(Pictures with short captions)
----------

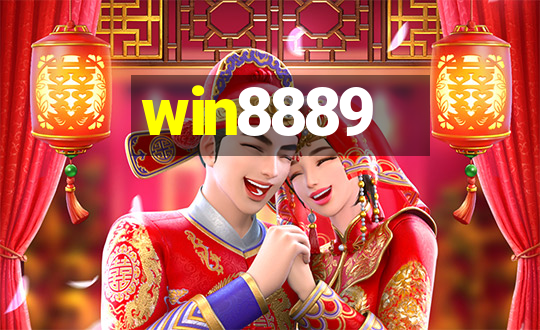 win8889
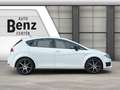 SEAT Leon Cupra R *NAVIGATION*LEDER*BA*GRA*ZV Klima Navi Weiß - thumbnail 6
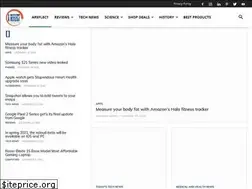 Sites similar to areflect.com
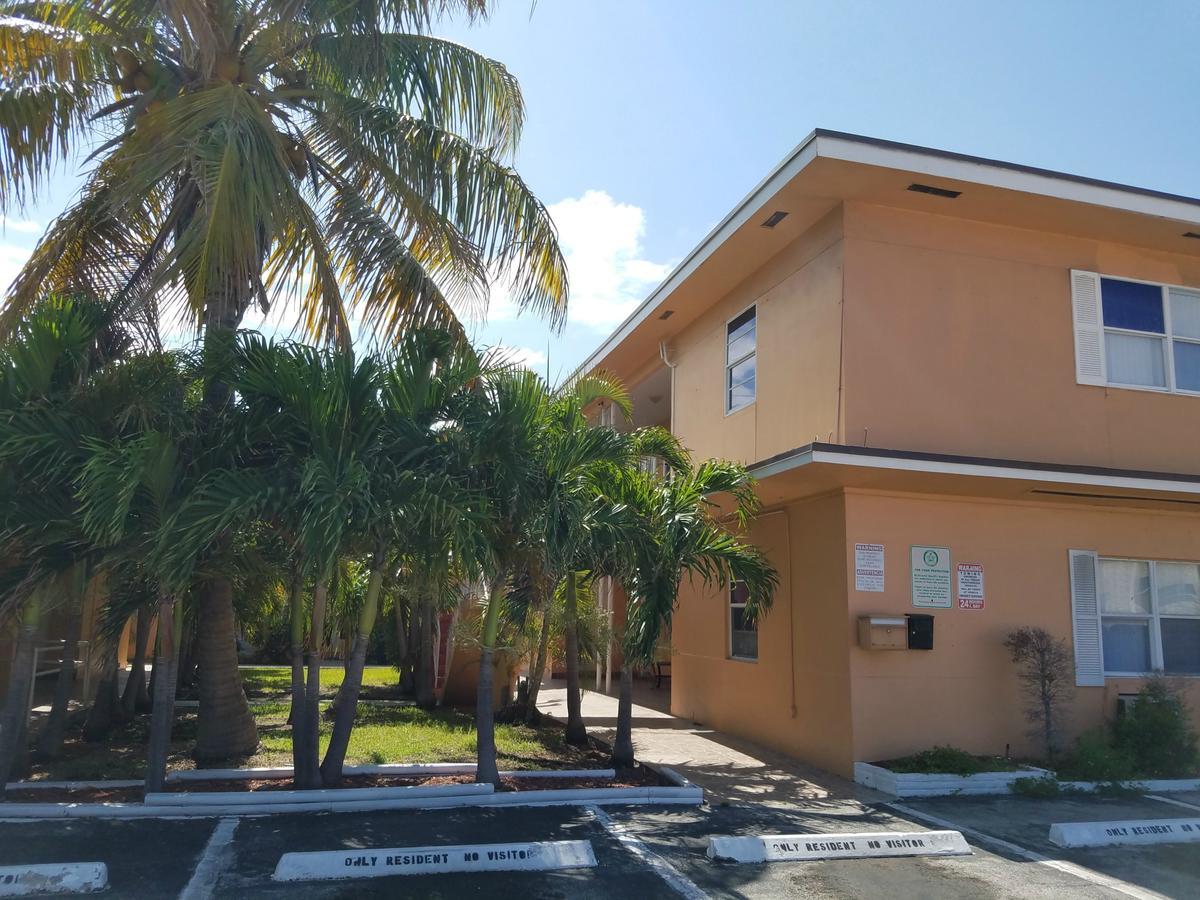 4605 By The Sea Hotel Fort Lauderdale Exterior photo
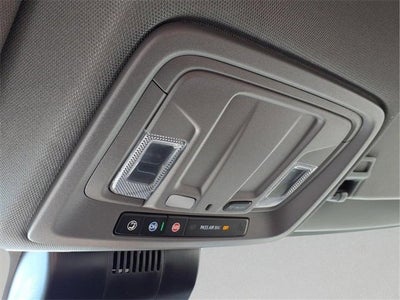 2024 GMC Sierra 2500 HD SLE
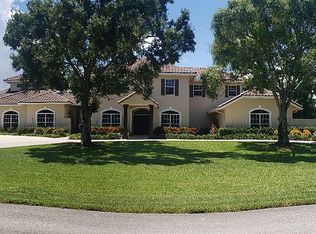 10700 Avenida Del Rio, Delray Beach, FL 33446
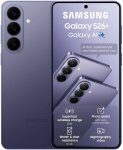 Samsung Galaxy S26+ Violet 256 Gb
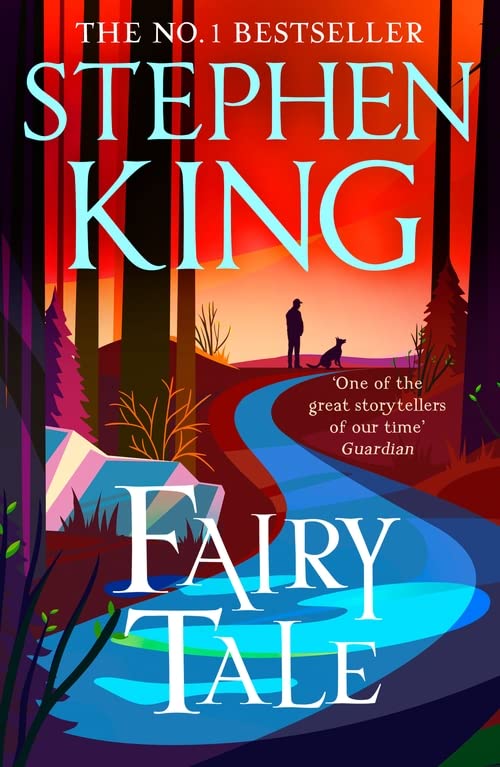 Stephen King - Fairy Tale
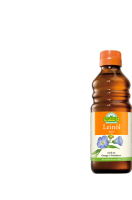 Ebl Naturkost Rapunzel Oxyguard Leinöl nativ 250 ml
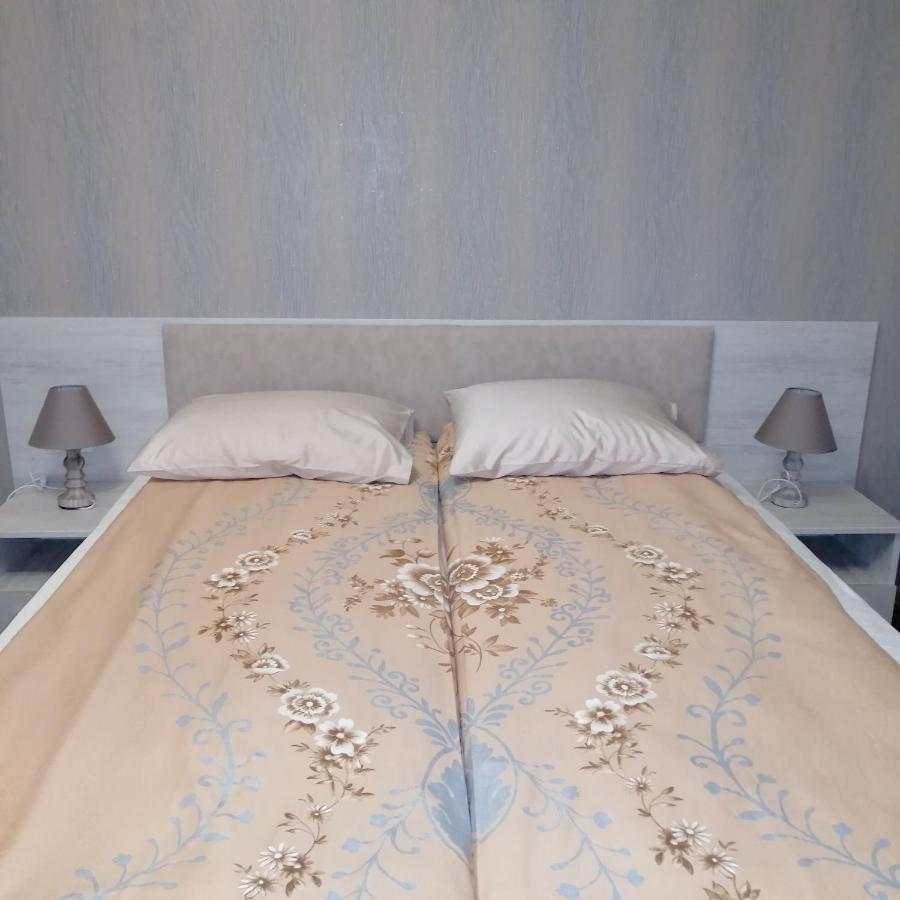 Джорджия Hotel Kiten  Exterior foto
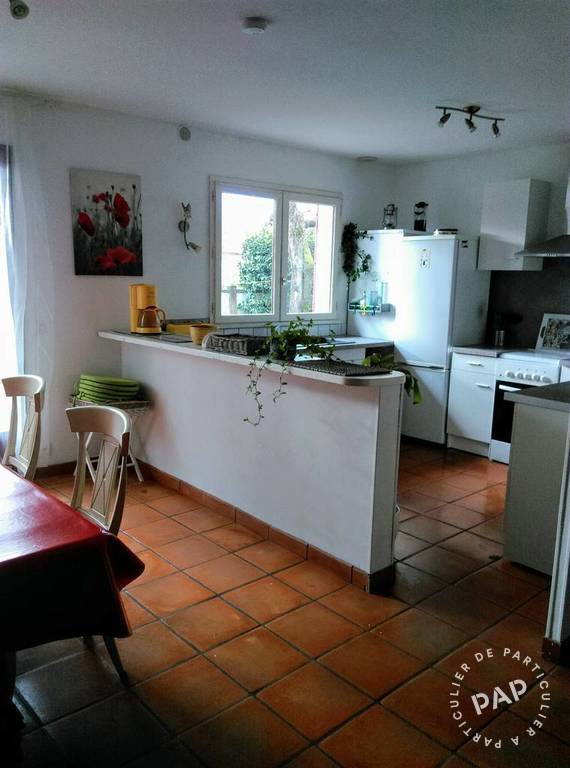 Location Maison La Hume 5 personnes dès 550 euros par semaine Ref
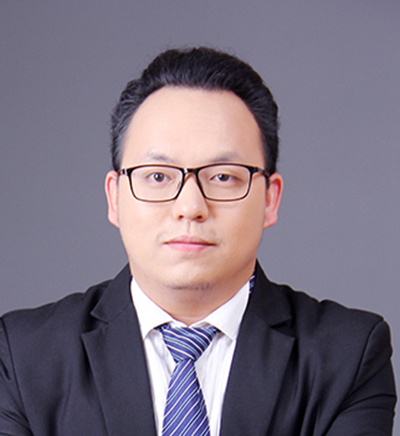 李开源
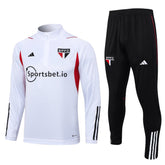 CONJUNTO DE TREINO SÃO PAULO 23/24
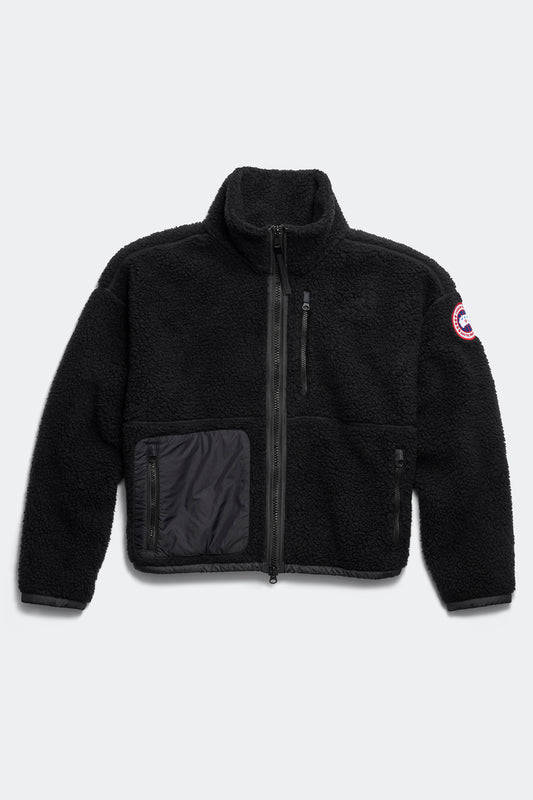 Simcoe Fleece Jacket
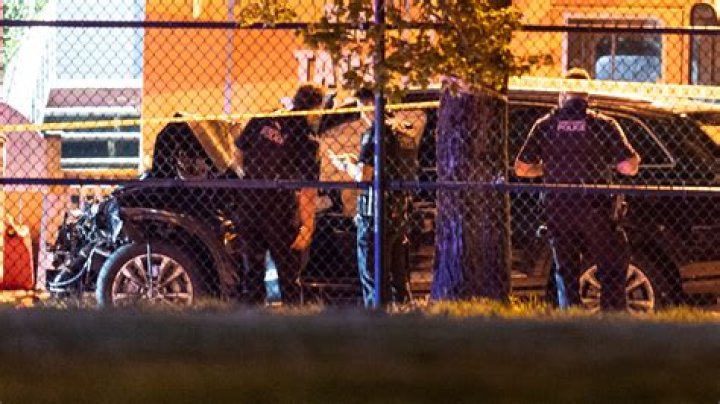 They ‘Attacked Her Pretty Hard’ – Hollywood Life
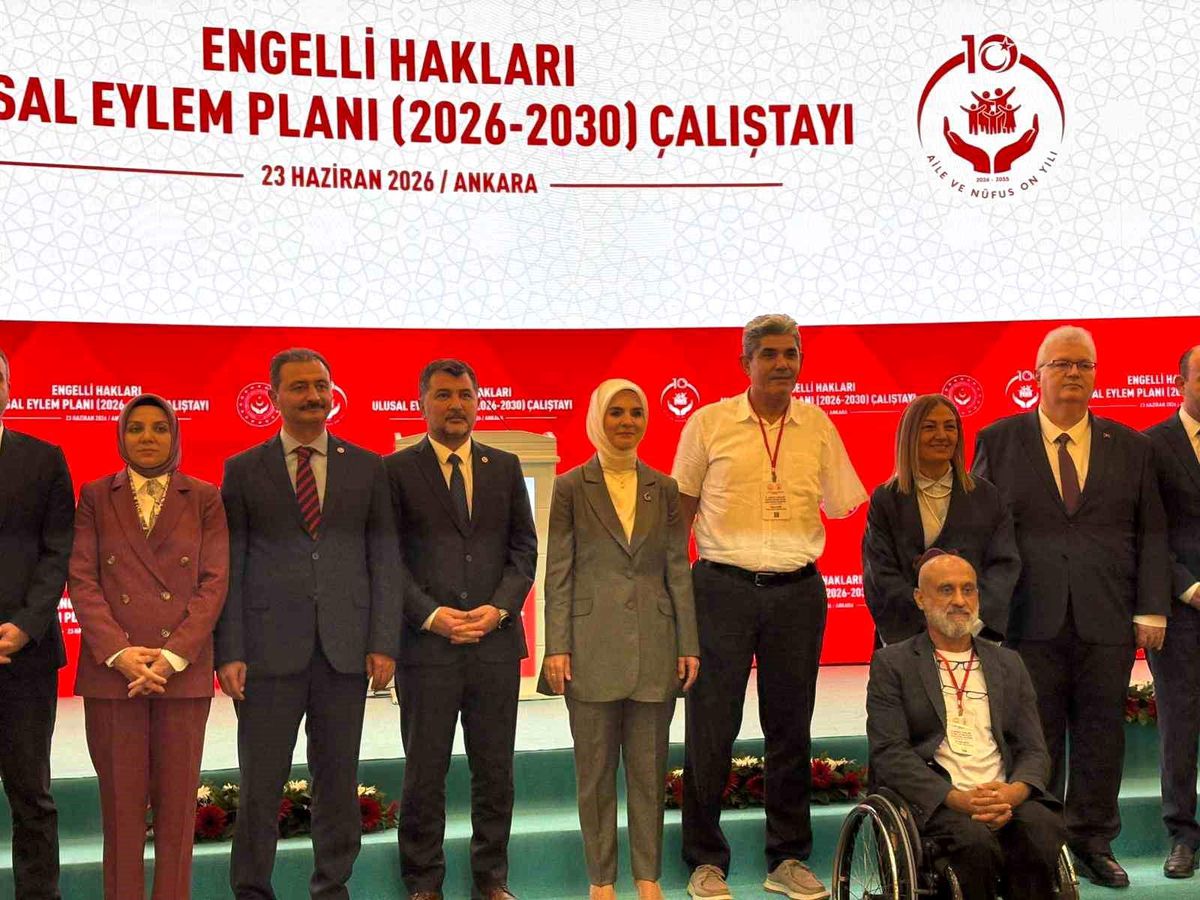 Bakan Göktaş: Evde Bakım Yardımı 275 milyar lirayı aştı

----------

Exactly the lines above, from the one containing "10700 Avenida Del" down to the one containing "Simcoe Fleece Jacket", are to be repeated, including both ends. Pictures are not part of the copy.

 10700 Avenida Del Rio, Delray Beach, FL 33446
 Samsung Galaxy S26+ Violet 256 Gb
 Stephen King - Fairy Tale
 Ebl Naturkost Rapunzel Oxyguard Leinöl nativ 250 ml
 Джорджия Hotel Kiten  Exterior foto
 Location Maison La Hume 5 personnes dès 550 euros par semaine Ref
 李开源
 CONJUNTO DE TREINO SÃO PAULO 23/24
 Simcoe Fleece Jacket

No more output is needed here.